Dans plusieurs artères de la capitale, des foules d’habitants ont été contraintes de parcourir de longues distances à pied, faute de véhicules disponibles. D’autres ont dû se tourner vers les taxis-motos, souvent plus coûteux, pour rallier leurs lieux de travail ou leurs rendez-vous.
Les chauffeurs protestent contre l’opération de contrôle des documents de bord lancée le 26 janvier 2026 par le gouverneur de Kinshasa, Daniel Bumba Lubaki. Organisée de 5 heures à minuit, cette opération vise à vérifier plusieurs documents obligatoires pour les conducteurs de transport en commun, notamment le permis de conduire, la carte rose, l’assurance, la vignette ainsi que le certificat de contrôle technique.
Sur le terrain, plusieurs conducteurs dénoncent des tracasseries administratives et accusent certains agents de contrôle de multiplier les arrêts et d’exiger des paiements informels. Des accusations que rejettent les agents chargés de l’opération, qui défendent une mesure destinée à assainir le secteur et à améliorer les recettes publiques.

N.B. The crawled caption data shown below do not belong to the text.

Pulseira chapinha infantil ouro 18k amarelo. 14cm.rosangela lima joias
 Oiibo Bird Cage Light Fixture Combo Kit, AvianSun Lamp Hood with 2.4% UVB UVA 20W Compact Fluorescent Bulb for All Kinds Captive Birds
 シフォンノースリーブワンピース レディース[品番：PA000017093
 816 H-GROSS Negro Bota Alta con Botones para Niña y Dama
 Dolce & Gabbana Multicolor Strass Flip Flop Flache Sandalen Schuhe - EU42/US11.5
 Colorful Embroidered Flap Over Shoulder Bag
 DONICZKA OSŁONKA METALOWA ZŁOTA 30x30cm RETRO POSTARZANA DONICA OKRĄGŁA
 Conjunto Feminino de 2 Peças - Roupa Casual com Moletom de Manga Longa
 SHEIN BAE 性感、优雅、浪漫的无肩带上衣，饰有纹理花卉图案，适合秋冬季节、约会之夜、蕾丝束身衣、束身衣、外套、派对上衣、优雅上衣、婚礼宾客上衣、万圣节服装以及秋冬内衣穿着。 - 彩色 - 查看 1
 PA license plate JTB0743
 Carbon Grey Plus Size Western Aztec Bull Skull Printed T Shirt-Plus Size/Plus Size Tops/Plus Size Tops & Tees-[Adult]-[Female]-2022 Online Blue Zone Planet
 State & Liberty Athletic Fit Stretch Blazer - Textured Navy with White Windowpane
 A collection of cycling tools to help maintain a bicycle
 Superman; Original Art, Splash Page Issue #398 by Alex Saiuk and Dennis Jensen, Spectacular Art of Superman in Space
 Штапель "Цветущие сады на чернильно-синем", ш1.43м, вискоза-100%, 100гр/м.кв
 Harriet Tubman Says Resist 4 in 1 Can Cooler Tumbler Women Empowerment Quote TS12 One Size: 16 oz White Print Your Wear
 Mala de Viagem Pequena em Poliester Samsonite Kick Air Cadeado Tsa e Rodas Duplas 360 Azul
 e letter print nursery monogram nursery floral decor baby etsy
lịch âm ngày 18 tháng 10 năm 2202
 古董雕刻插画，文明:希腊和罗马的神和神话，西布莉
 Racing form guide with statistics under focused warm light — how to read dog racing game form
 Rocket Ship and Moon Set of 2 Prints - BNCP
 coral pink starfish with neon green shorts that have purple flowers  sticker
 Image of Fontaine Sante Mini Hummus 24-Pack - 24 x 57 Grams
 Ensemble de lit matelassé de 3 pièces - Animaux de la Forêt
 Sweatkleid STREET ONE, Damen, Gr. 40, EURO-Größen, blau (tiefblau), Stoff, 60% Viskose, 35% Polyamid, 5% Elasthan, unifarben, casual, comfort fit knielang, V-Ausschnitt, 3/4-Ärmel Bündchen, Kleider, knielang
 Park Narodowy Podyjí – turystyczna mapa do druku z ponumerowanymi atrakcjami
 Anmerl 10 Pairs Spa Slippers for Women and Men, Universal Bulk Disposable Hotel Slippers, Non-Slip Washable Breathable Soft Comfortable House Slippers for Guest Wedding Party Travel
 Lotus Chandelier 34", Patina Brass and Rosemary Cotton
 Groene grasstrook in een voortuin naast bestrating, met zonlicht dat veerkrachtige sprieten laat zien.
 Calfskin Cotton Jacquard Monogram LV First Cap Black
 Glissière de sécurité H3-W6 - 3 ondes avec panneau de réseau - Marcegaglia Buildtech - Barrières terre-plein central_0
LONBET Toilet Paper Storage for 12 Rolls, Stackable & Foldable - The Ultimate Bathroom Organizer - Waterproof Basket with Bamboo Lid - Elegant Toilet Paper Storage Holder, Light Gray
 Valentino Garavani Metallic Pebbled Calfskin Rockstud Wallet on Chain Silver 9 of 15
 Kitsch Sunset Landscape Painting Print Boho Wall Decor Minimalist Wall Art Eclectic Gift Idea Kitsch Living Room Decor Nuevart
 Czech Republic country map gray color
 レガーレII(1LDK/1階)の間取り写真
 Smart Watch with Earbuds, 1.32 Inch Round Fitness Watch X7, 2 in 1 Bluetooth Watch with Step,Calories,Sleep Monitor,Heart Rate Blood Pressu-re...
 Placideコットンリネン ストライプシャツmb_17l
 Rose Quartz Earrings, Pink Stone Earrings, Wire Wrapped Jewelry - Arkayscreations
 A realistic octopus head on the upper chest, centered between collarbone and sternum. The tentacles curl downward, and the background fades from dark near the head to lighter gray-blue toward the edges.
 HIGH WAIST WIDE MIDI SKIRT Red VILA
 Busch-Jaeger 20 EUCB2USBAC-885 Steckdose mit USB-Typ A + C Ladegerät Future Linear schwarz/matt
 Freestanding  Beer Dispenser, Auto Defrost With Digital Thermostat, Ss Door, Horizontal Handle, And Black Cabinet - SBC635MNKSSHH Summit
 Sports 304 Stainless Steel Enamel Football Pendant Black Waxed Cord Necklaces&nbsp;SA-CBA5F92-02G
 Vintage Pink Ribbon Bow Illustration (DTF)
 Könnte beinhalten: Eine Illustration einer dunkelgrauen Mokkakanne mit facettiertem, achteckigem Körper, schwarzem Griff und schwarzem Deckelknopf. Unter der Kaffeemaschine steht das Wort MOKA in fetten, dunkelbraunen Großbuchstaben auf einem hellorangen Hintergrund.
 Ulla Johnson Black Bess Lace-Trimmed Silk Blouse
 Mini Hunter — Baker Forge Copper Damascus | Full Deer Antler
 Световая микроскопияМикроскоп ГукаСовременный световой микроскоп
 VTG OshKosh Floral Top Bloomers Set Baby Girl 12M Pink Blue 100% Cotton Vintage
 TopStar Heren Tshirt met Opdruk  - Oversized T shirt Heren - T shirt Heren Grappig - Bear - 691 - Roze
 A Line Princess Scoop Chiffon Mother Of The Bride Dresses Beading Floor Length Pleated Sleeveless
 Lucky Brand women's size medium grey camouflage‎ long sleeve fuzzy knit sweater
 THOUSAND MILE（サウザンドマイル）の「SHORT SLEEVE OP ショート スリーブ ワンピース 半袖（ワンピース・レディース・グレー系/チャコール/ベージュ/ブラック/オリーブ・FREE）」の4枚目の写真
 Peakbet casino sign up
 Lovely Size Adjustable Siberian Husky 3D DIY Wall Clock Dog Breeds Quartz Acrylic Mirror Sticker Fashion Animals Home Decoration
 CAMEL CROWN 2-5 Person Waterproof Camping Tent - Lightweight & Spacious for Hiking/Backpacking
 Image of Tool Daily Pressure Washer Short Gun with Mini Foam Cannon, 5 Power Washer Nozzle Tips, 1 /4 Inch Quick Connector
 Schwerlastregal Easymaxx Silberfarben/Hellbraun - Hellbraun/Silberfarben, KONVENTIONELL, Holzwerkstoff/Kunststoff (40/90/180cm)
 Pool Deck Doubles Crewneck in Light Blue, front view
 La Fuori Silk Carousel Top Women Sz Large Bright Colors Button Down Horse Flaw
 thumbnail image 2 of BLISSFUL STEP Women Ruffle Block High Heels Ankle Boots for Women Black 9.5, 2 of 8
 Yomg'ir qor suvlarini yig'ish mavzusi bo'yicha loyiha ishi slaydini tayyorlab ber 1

Face aux nombreuses plaintes enregistrées, l’ONG Action contre les violations des droits des personnes vulnérables (ACVDP) a annoncé l’ouverture d’une enquête afin d’évaluer l’impact de cette opération et d’examiner d’éventuels cas d’abus. Si les revendications des chauffeurs se poursuivent, ce sont surtout les usagers qui continuent d’en subir les conséquences au quotidien.